TVM quantized operators

Hi, I meet the following error when trying to export to TVM a quantized model created using Brevitas (https://github.com/Xilinx/brevitas):

NotImplementedError: The following operators are not implemented: ['quantized::linear_prepack', 'quantized::conv2d_prepack']

The error occurs while executing this line:

mod, params = relay.frontend.from_pytorch(my_model, input_shapes)

It seems these operators are not implemented in TVM. Is it planned to improve the support of quantized operators? Thanks

You are not supposed to see those ops. We expect those ops to be already applied before tracing, rather than at runtime (that’s why you are seeing them).

Maybe you are doing QAT? Can you share your complete repro script?

When using brevitas, you should export to either onnx or torchscript first:

https://xilinx.github.io/brevitas/tutorials/tvmcon2021.html#Export

Or alternatively add a direct tvm export for example implementations of other exporters have a look at:

Hi @masahi, thanks for your answer. I’m doing QAT with Brevitas library.

Thank you also for your answer @cgerum. I’m already exporting to TorchScript first. Actually, the tutorial of TVMCon2021 does not go far enough to reproduce the issue, because the issue appears after the Brevitas export: relay.frontend.from_pytorch(traced_model, ["input", img_size])

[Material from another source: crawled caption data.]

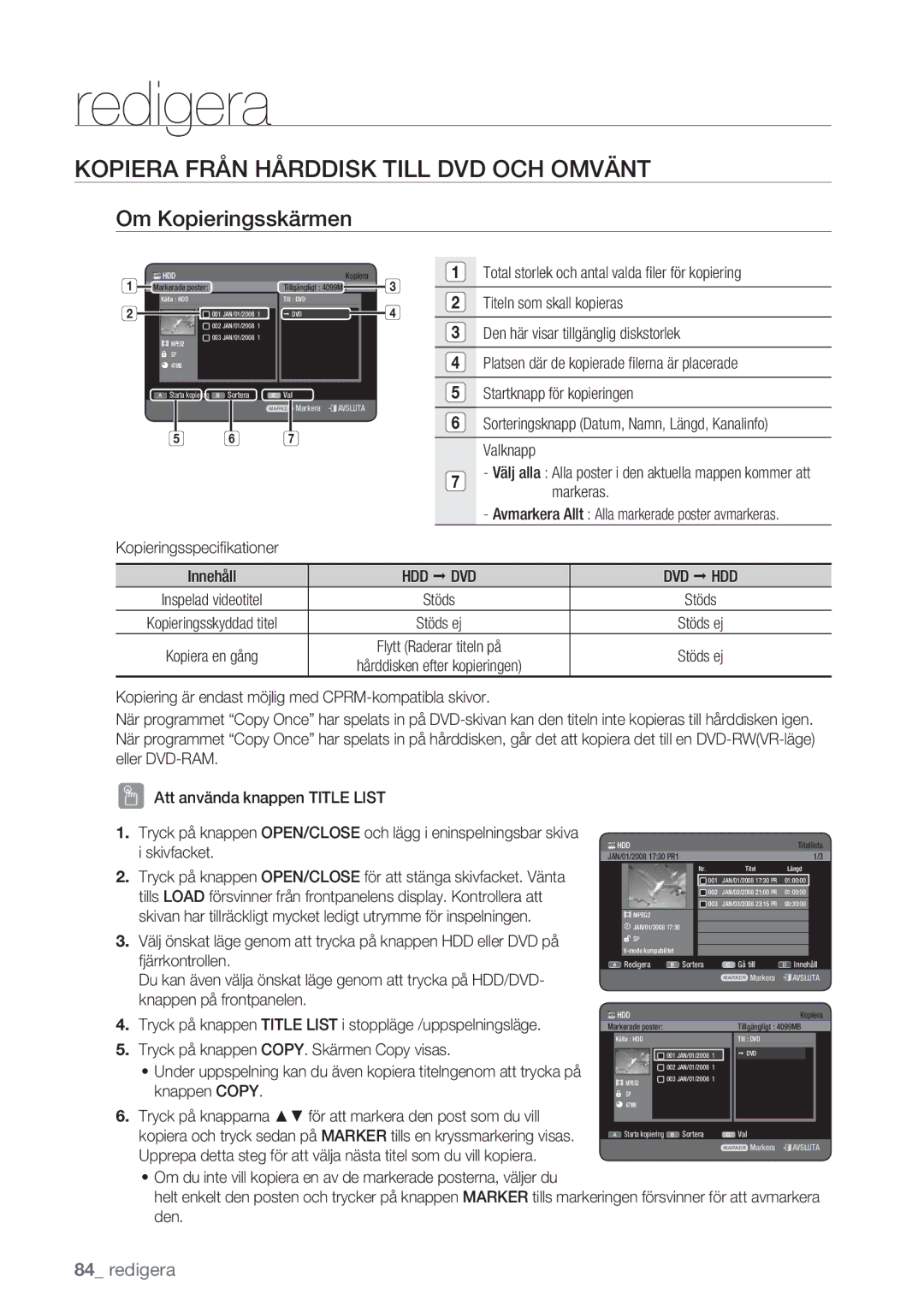 Samsung DVD-HR770/XEE manual Kopiera Från Hårddisk Till DVD OCH Omvänt, Om Kopieringsskärmen, Markeras 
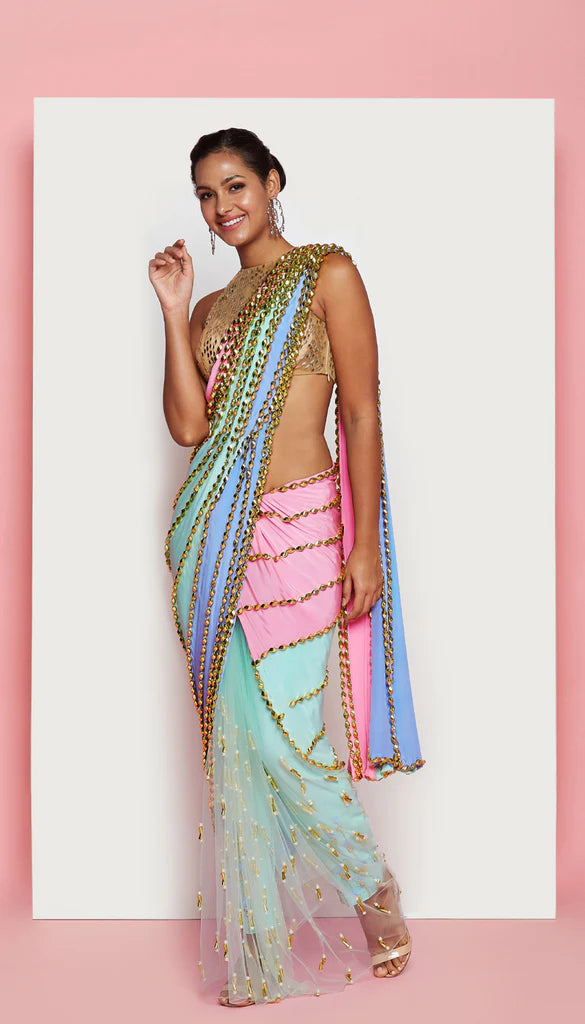 TIGER MAMA - MULTI COLORED EMBELLISHED SAREE SET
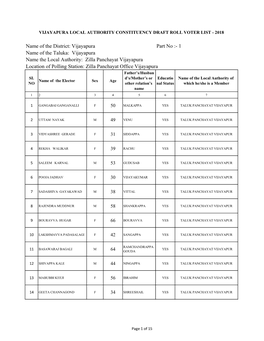 Name of the District: Vijayapura Part No :- 1 Name of the Taluka: Vijayapura Location of Polling Station: Zilla Panchayat Offic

The code on the readme of the Brevitas GitHub page (https://github.com/Xilinx/brevitas) also raises the same error. I already mentioned it 2 times on the Brevitas Gitter page but I have no answer.

Here is an easy code to reproduce the issue:

import torch
from tvm import relay
import brevitas.nn as qnn
from brevitas.quant.scaled_int import Int8ActPerTensorFloat, Uint8ActPerTensorFloat, Int8WeightPerTensorFloat, Int8Bias
from brevitas.export import export_pytorch_quant


class BasicQNN(torch.nn.Module):
    def __init__(self):
        super(BasicQNN, self).__init__()

        self.quant_img = qnn.QuantIdentity(act_quant=Uint8ActPerTensorFloat, return_quant_tensor=True)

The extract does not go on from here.